++++ Data for this exercise
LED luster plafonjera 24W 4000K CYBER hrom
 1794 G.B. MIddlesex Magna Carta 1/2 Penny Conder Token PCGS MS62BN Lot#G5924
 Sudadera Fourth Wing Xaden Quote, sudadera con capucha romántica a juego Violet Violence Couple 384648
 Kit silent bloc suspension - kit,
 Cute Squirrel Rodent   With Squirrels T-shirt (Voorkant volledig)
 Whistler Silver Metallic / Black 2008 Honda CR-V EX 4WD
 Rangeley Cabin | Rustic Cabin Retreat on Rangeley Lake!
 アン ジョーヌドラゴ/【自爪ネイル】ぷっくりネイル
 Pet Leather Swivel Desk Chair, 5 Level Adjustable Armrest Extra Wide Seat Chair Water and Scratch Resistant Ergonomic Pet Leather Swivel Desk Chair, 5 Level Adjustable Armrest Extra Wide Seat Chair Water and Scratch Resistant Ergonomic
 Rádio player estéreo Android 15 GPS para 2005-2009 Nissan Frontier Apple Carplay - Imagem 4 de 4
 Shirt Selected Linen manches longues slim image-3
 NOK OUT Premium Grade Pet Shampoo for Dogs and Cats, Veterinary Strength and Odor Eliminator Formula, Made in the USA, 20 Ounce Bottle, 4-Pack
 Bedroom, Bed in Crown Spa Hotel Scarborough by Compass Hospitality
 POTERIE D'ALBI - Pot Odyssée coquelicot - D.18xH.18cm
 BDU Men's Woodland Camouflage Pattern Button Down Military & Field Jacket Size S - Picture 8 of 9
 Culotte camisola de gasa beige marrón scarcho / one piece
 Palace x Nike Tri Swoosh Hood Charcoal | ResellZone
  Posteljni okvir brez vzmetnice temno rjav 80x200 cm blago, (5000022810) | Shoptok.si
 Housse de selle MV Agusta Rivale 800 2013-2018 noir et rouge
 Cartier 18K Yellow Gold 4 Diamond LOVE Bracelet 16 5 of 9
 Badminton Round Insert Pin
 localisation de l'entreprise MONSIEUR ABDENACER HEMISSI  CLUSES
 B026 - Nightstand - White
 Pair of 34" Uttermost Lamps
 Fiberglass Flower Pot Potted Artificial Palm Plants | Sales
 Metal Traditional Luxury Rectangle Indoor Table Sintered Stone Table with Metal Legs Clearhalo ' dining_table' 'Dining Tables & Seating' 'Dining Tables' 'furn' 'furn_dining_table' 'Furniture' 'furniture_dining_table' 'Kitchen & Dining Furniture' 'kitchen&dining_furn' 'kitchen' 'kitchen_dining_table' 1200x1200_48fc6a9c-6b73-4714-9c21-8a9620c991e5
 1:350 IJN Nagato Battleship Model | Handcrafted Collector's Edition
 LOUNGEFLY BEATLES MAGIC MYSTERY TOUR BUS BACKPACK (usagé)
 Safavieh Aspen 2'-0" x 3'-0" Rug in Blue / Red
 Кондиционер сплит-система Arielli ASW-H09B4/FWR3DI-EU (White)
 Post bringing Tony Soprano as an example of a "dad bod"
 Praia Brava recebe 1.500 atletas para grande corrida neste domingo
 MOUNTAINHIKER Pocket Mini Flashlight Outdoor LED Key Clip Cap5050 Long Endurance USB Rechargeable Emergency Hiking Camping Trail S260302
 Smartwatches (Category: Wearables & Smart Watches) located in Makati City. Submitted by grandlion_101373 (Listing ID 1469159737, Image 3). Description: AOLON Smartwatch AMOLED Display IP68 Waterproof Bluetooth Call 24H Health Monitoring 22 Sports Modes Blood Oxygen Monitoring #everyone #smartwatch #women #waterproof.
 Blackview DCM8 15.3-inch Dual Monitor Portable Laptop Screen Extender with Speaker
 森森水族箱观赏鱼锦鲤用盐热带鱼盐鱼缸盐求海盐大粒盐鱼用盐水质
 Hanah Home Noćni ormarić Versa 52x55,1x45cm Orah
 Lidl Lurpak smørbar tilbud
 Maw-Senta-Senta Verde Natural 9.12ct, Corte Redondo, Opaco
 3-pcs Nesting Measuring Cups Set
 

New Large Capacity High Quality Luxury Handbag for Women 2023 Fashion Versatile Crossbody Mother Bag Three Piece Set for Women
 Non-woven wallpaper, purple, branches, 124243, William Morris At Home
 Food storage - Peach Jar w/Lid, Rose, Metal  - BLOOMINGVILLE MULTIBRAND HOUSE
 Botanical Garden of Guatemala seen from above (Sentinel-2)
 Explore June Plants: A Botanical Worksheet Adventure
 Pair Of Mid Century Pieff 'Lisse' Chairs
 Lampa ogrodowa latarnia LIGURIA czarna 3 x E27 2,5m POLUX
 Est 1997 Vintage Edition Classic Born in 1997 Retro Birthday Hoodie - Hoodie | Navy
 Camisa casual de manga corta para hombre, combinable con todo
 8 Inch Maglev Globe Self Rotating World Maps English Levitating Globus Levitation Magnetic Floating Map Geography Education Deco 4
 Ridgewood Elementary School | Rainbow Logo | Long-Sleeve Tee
++++++++
» What is being asked: Only the lines containing the string "White" are needed; pull them out of the records.

» Result below:
 B026 - Nightstand - White
 Кондиционер сплит-система Arielli ASW-H09B4/FWR3DI-EU (White)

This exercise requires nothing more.